Provided information
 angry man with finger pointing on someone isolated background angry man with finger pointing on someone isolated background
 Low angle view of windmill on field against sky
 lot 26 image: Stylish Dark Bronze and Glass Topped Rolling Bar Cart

* * *

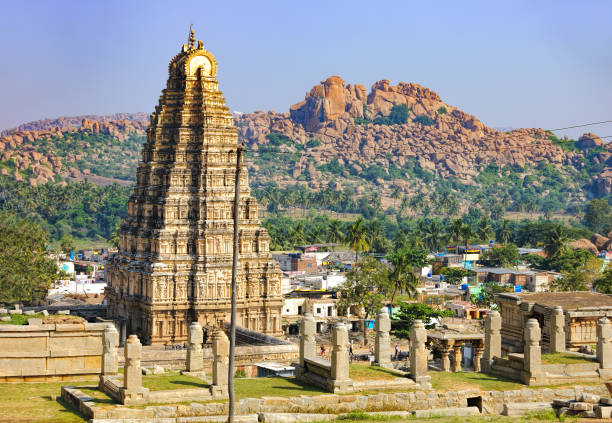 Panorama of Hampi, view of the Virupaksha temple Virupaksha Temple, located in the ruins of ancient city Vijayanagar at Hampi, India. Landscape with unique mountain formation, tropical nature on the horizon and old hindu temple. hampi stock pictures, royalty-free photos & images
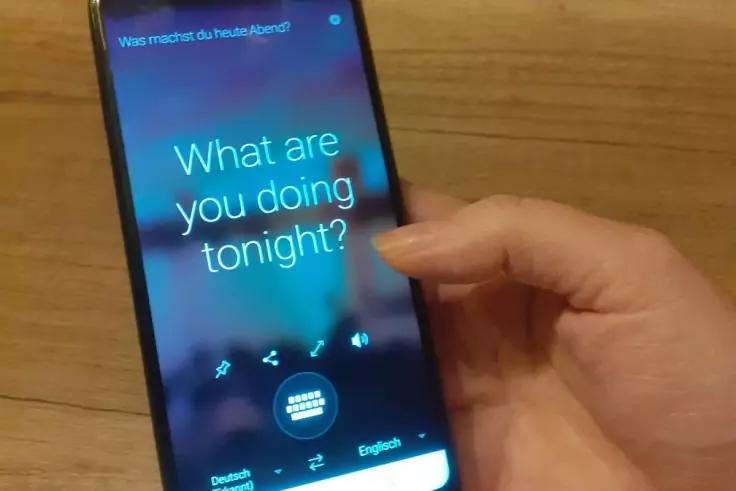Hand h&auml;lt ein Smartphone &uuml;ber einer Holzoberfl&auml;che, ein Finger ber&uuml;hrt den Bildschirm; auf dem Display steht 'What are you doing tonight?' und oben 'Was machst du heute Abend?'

Task goal
Begin at the line above that has "isolated background angry" and stop after the line that has "lot 26 image: Stylish", copying each line exactly and adding nothing else.

Answer to the problem
 angry man with finger pointing on someone isolated background angry man with finger pointing on someone isolated background
 Low angle view of windmill on field against sky
 lot 26 image: Stylish Dark Bronze and Glass Topped Rolling Bar Cart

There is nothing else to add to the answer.